A opinião de ...

Ainda e sempre, o Homem e a Natureza

Na badana esquerda do magnífico romance Admirável Mundo Novo (1932), escreveu Aldous Huxley: «Este livro é um apelo à consciência dos homens. É uma denúncia do perigo que ameaça a humanidade, se a tempo não fechar os ouvidos ao canto da sereia do falso progresso: anular-se na “fordização”1 ou, como o Selvagem, optar pelo suicídio». O falso progresso, o omnipresente consumismo, temperado por comportamentos pouco ou nada saudáveis – tudo em vias de conduzir o Homem e a Natureza ao seu fim. O fim do Planeta.

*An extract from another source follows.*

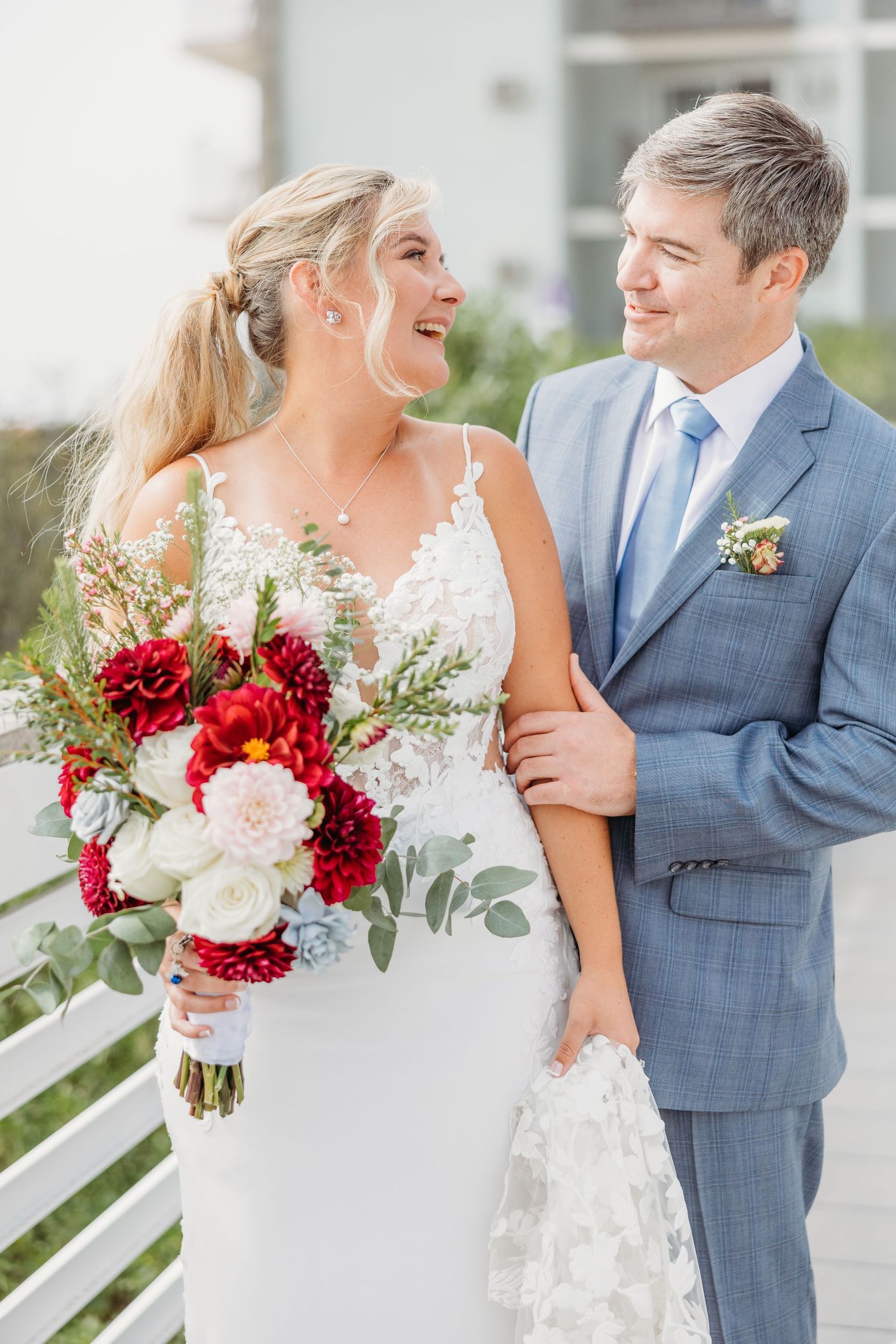 Happy couple in wedding attire posing on oceanfront balcony.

Cerca de oitenta anos depois, o Papa Francisco convoca-nos, na Carta Encíclica Laudato si, a olhar serenamente para o cuidado da “Casa Comum”. Que bela expressão esta: Casa Comum! Desta Carta (que vale a pena ler), transcrevo um parágrafo: «Os jovens exigem de nós uma mudança; interrogam-se como se pode pretender construir um futuro melhor, sem pensar na crise do meio ambiente e nos sofrimentos dos excluídos». E refere-se à relação íntima entre a fragilidade do Planeta e os pobres, os excluídos, os migrantes, fazendo um apelo ao contínuo e exigente debate sobre o “progresso” e sobre “o sentido humano da ecologia”. Creio poder deduzir que Jesus, na Sua Mensagem, não poderia conter a expressão “Pobres sempre os tereis…a mim é que não”, pois o que Ele pregava era o fim da pobreza e dos pobres. Algo que as didascálias teológicas se encarregaram, durante séculos, de desprezar: os pobres existirão sempre…Pobres, desfavorecidos, desalojados, esfomeados, vilipendiados, vergastados, cativos, pobres de espírito – não, Ele desejou sempre construir um mundo novo, para os libertar da escuridão e do jugo espiritual e material. Não como um triunfo político, mas como conquista da igualdade de todos os seres humanos.
Como afirmava Jorge Sampaio – repetidamente evocado por diversas personagens no momento da sua partida – “nenhum ser humano é dispensável”. Não é preciso ser crente para acreditar no Outro; não é preciso ter ferramentas especiais, designadamente erudição e conhecimentos universitários para olhar o Outro, nas suas forças e nas suas fraquezas. O meu amigo João, pastor desde garoto, não frequentou a universidade nem sabe como se desenvolveu o processo civilizatório nos diversos continentes, mas sabe, à custa da sua inteligência natural, o que “custa o desperdício, o que custa ver gastar a mais”. Ou, como há dias se interrogava: “o que leva alguns homens a fazer de outros homens servos ou escravos, e como é que alguns têm tanto e outros nada têm de seu?” E realçava-me: “veja lá, como é que o Planeta pode resistir, se não tratam dele, se não o cultivam, em vez de o explorarem até ao seu fim”. Eis aqui a verdadeira dimensão ética e humana do Homem – a visão antropológica, preocupada com os seres humanos e com a Natureza. Um rotundo não ao etnocentrismo. Tens razão, João.